The bucket strategy helps reduce emotional decisions by giving structure and clarity to how money is used over time. By dividing savings into separate buckets based on when the money will be needed, retirees can feel more secure. With short-term needs covered, retirees are more likely to stay calm and stick to their plan, instead of reacting out of fear. Overall, the strategy brings peace of mind and encourages smart, long-term thinking.
A sample budget strategy for a P20-million retirement fund could be like this. The short-term bucket might hold P4 million in cash or in savings accounts, time deposits or money market funds to cover two to three years of living expenses. The medium-term bucket could have P8 million invested in relatively stable assets such as bonds, balanced funds or dividend-paying stocks to support needs over the next three to 10 years while offering some growth. The remaining P8 million would go into the long-term bucket, invested in higher-risk, higher-return assets like stocks or equity mutual funds to help the fund grow and keep up with inflation over time. This is just one example, and every retiree's situation is different. Factors like risk tolerance, lifestyle, health and income needs should guide how the strategy is applied.

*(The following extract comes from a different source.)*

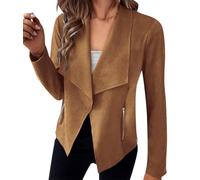ORANDESIGNE Giacca in Pelle Scamosciata da Donna Cappotto da Motociclista Risvolto Primavera Autunno Giubbotto Corto Giacche da Motociclista Capispalla in pelle Scamosciata Retrò A Marrone M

As mentioned, consulting a financial advisor can help tailor the approach.
The bucket strategy is a practical way to address the financial challenges of retirement. It reduces the risk of running out of money by separating savings into parts that serve different purposes — meeting short-term needs, providing steady income and enabling long-term growth. It also helps retirees avoid emotional, impulsive decisions during market downturns and ensures a more stable, flexible financial path. When paired with smart investment choices and personalized advice, this strategy can offer retirees greater confidence, security and peace of mind throughout their retirement years.